Rebel Dad urges people to consider adoption
A Peterborough native – who was the first Canadian gay man allowed to legally adopt internationally – is releasing a memoir on World Adoption Day.
David McKinstry, 64, is the author of Rebel Dad: Triumphing Over Bureaucracy to Adopt Two Orphans Born Worlds
Apart.
The book gives readers an in-depth account of the international adoption system and McKinstry’s journey to adopt his two sons: Nicholas and Kolwyn.
It also highlights how far Canada has come regarding adoption regulations and gay rights.
As someone who was adopted himself, McKinstry said he always wanted to adopt a child.
“I just really had this hankering to be a parent.”
He started the adoption process in 1979 and was given the runaround for years before he finally got to the home visit stage.
At the time, McKinstry was living with his husband Nicholas, who has since died.
During several separate home visits, McKinstry said he and Nicholas were asked questions about their sex life that heterosexual couples would never be asked.
“We were subjected to incredible degradation,” he said.
Finally, the government said he could adopt, but only internationally. He said he was asked by the government if he could be used as a test case for a gay Canadian to adopt abroad.
But when officials at multiple countries read his application, stating he was gay, he was denied by all of them.
Eventually, the Canadian government changed his status to say he was a widower – which was true, but they changed Nicholas’s name to Nicci, implying McKinstry was married to a woman.
His new application was accepted by India.
In 1998, McKinstry was approved to adopt a six-year-old boy from India, who’d been found two years earlier in an alley clutching his mother’s dead body.
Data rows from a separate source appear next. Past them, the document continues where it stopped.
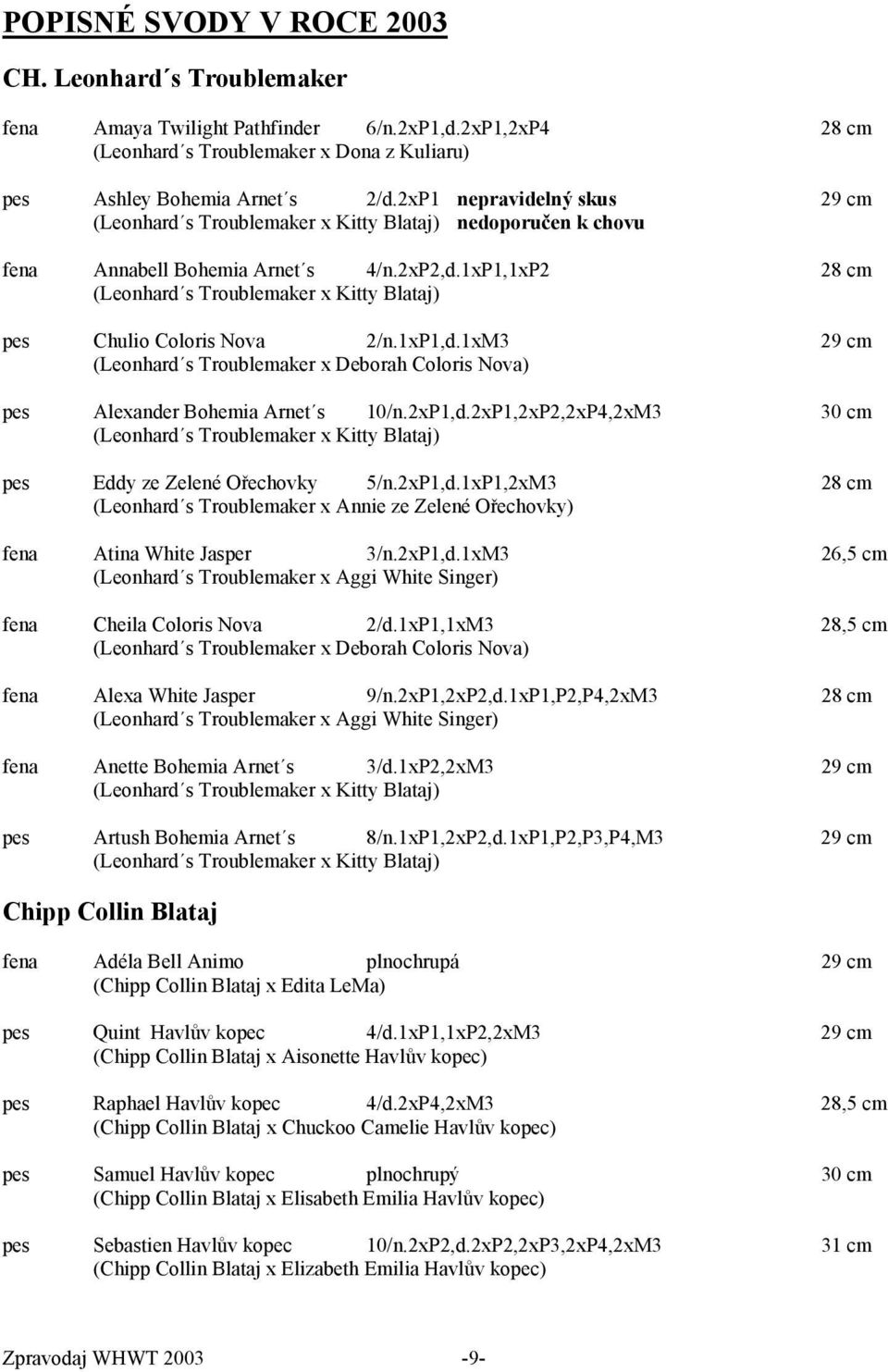 1xP1,1xP2 28 cm (Leonhard s Troublemaker x Kitty Blataj) pes Chulio Coloris Nova 2/n.1xP1,d.1xM3 29 cm (Leonhard s Troublemaker x Deborah Coloris Nova) pes Alexander Bohemia Arnet s 10/n.2xP1,d.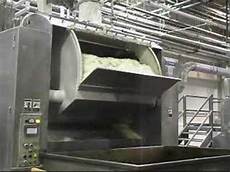 Dough Kneading Mixers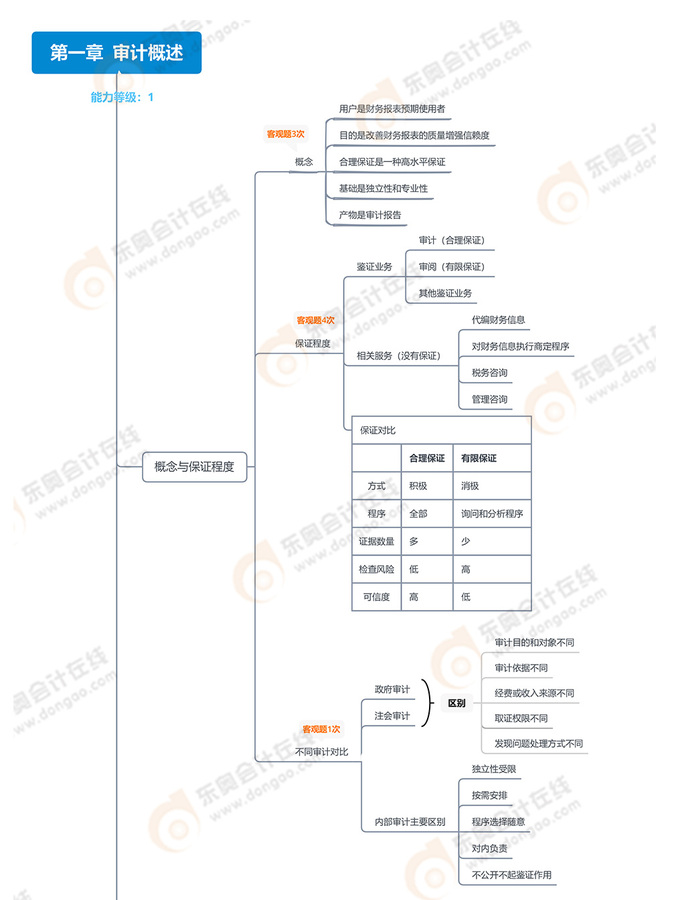 第一章審計概述_01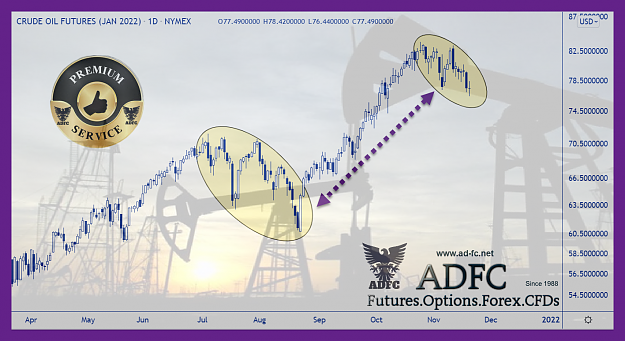 Click to Enlarge

Name: crude oil jan21 daily 4b.png
Size: 506 KB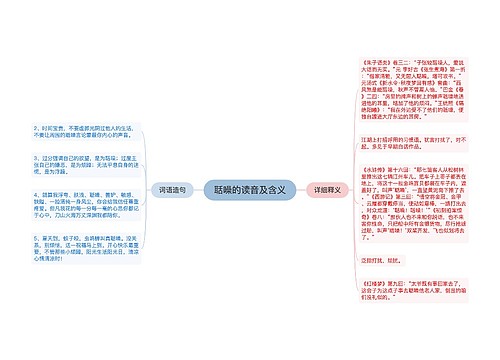 聒噪的读音及含义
He was named Nicholas, after McKinstry’s late husband.
By then, McKinstry was running Woodhaven Country Lodge near Buckhorn with his partner Michael Rattenbury. The two are both Kenner Collegiate graduates and still run the resort today.
As they awaited the arrival of Nicholas, a woman with AIDS was staying at their lodge with her four-year-old son Kolwyn. Back then, AIDS was a death sentence.
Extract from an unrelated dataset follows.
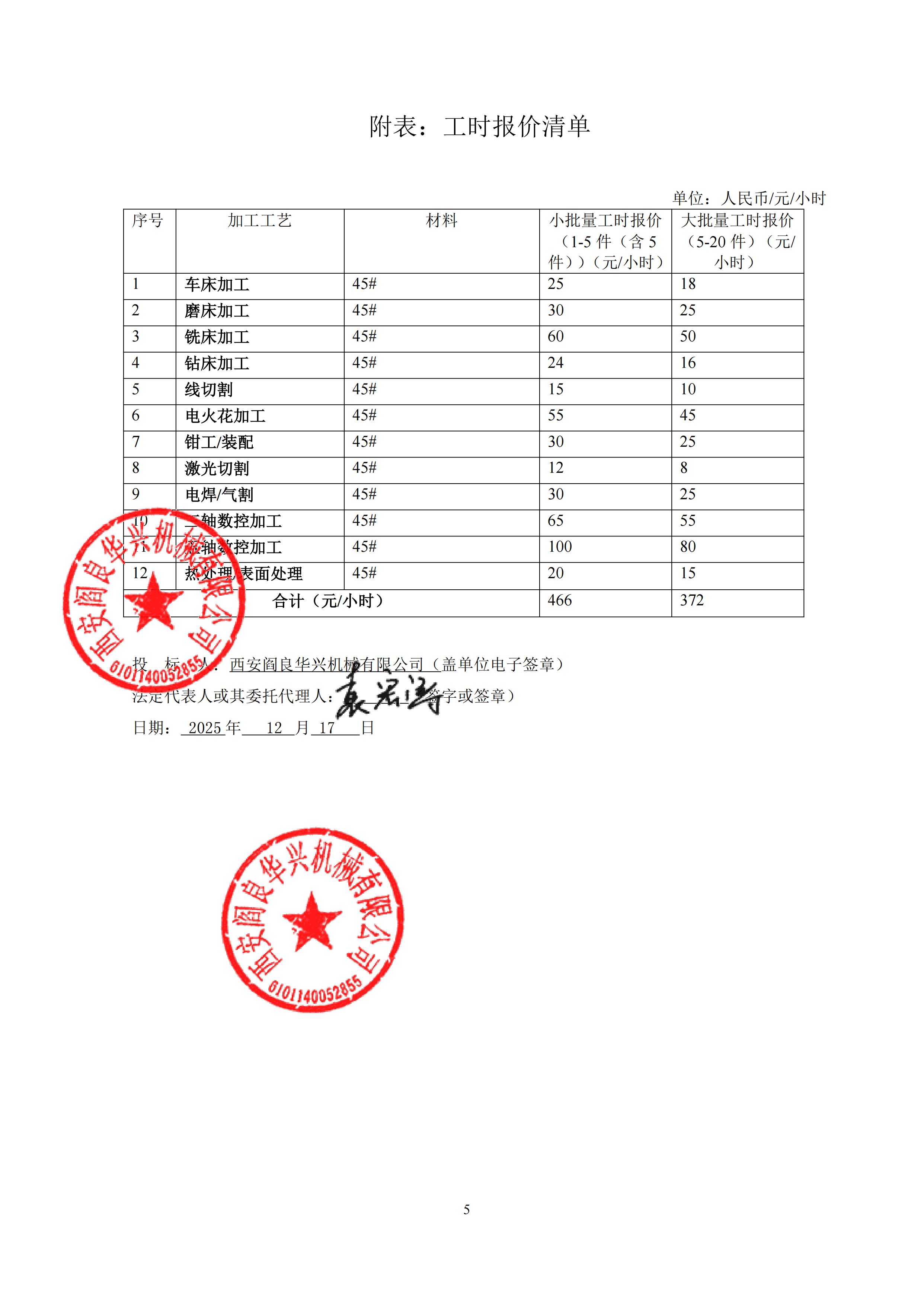 西安閻良華興機(jī)械有限公司報(bào)價(jià)表.jpg 西安閻良華興機(jī)械有限公司報(bào)價(jià)表.jpg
When she heard McKinstry heard was adopting a boy from India, unafraid of any health issues he might have, she asked if he and Rattenbury would adopt her son.
“She didn’t have to ask twice,” McKinstry said.
Kolwyn’s adoption made McKinstry and Rattenbury the first gay couple in Canada to co-adopt.
Nicholas is now 25 and Kolwyn is 24. Growing up, McKinstry said his boys were often asked if they were gay because their dads were. The answer: No, they’re not.
If there’s one thing that’s highlighted throughout the book, McKinstry said, it’s that sexuality doesn’t matter when it comes to parenting.
“When you’re a parent, you’re a parent. You deal with the same issues – being gay really doesn’t enter into the equation except for other people.”
As for Rebel Dad, McKinstry said he wanted to chronicle the social and legal changes that’ve happened since he started the adoption process, especially as it relates to gay people.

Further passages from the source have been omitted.